Group ID: abc123-def456
Name: AI Papers
Owner: researcher
Documents: 42
Description: Machine Learning Research Papers

Note: Document groups can be created and listed via CLI. Documents can be added to groups during ingestion with the --group flag. For other group management operations, use the web interface.

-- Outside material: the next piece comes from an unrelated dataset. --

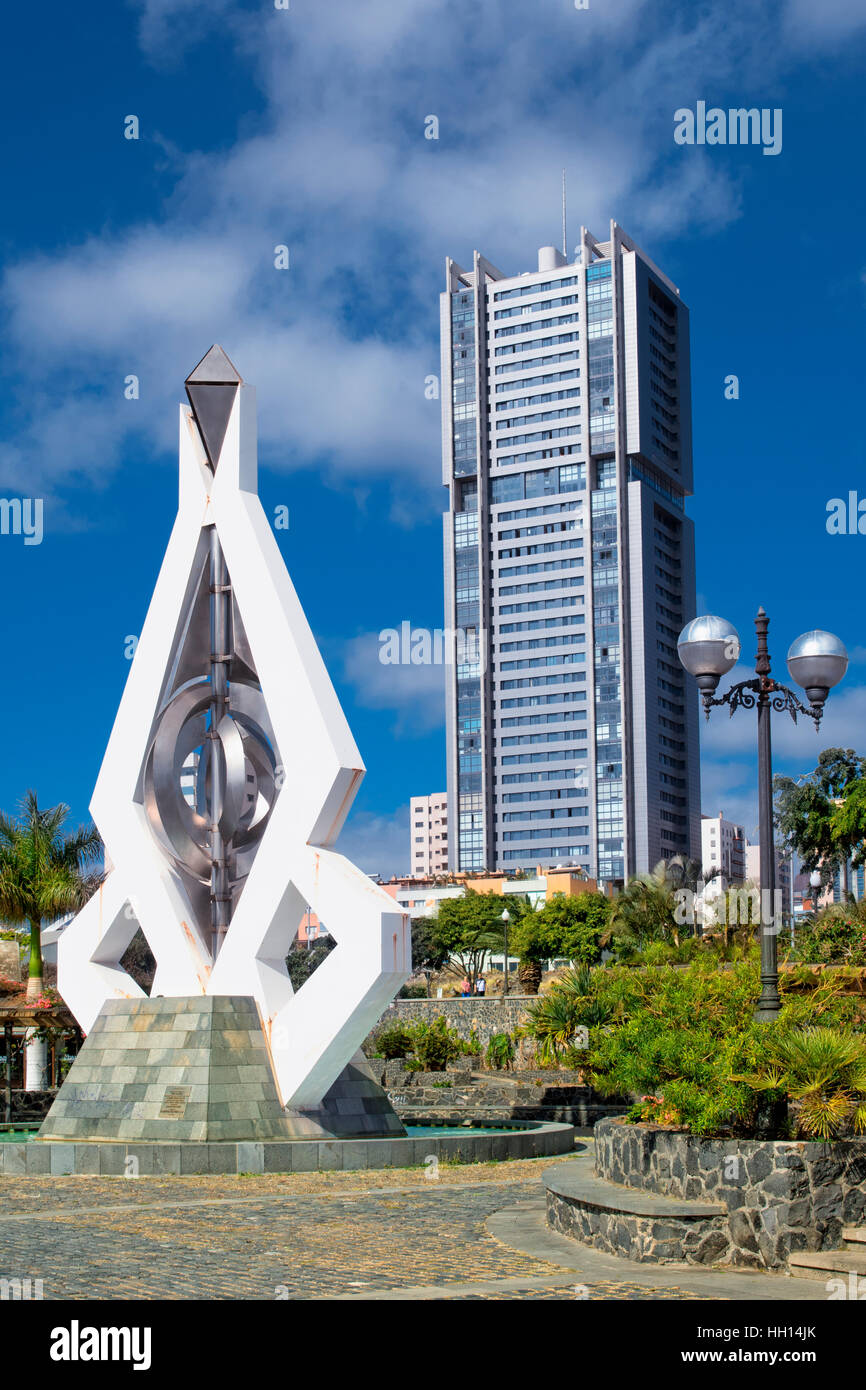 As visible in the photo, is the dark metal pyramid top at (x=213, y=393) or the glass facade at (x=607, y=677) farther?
the glass facade at (x=607, y=677)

Document Processing Commands

ingest

Process documents with live feedback. Primary command for adding documents.

Syntax:

./maestro-cli.sh ingest <username> <directory> [options]

Options:

  • --group <group_id> - Add to specific group
  • --force-reembed - Force re-processing (default behavior skips already processed files)
  • --device <device> - GPU device (cuda:0, cpu)
  • --delete-after-success - Remove source files after processing
  • --batch-size <num> - Parallel processing count

Supported Formats:

  • PDF files (.pdf)
  • Word documents (.docx, .doc)
  • Markdown files (.md, .markdown)

Mounting Directories for Batch Document Processing

The CLI service needs access to your documents. By default, only ./pdfs is mounted. To process documents from other directories, you need to mount them in docker-compose.yml:

Edit the cli service in docker-compose.yml:

cli:
  # ... existing configuration ...
  volumes:
    # ... existing volumes ...
    - ./pdfs:/app/pdfs  # Default PDF directory
    - ./documents:/app/documents  # Add your custom document directory
    - ./research-papers:/app/research-papers  # Another example

Then use the mounted path:

./maestro-cli.sh ingest researcher /app/documents
./maestro-cli.sh ingest researcher /app/research-papers

Batch Document Processing Examples

Examples:

# Basic document ingestion from default directory
./maestro-cli.sh ingest researcher ./pdfs

# Process documents from custom mounted directory
./maestro-cli.sh ingest researcher ./documents

# Add to group with GPU selection
./maestro-cli.sh ingest researcher ./research-papers \
  --group abc123 --device cuda:0

# Process and cleanup temporary files
./maestro-cli.sh ingest researcher ./temp-docs \
  --delete-after-success

# Force re-processing of updated documents
./maestro-cli.sh ingest researcher ./updated-docs \
  --force-reembed

# Process with custom batch size for large collections
./maestro-cli.sh ingest researcher ./large-collection \
  --batch-size 10
# Make sure you have enough VRAM; adjust to lower batch size if you see out of memory errors

Progress Output:

Processing: paper1.pdf
[12:34:56] Converting to markdown...
[12:35:02] Extracting metadata...
[12:35:05] Generating embeddings...
[12:35:12] ✓ Successfully processed: paper1.pdf

Processing: paper2.pdf
[12:35:13] Converting to markdown...

Search Commands

Search documents using semantic search.

./maestro-cli.sh search <username> "search query" [options]

Options:

  • --limit <num> - Result count (default: 10)
  • --group <group_id> - Search within group
  • --threshold <float> - Similarity threshold (0-1)

Examples:

# Basic search
./maestro-cli.sh search admin "quantum computing applications"

# Search with options
./maestro-cli.sh search researcher "machine learning" \
  --limit 20 \
  --group abc123 \
  --threshold 0.7

Note: Metadata search is available through the web interface. The CLI search command provides semantic search capabilities.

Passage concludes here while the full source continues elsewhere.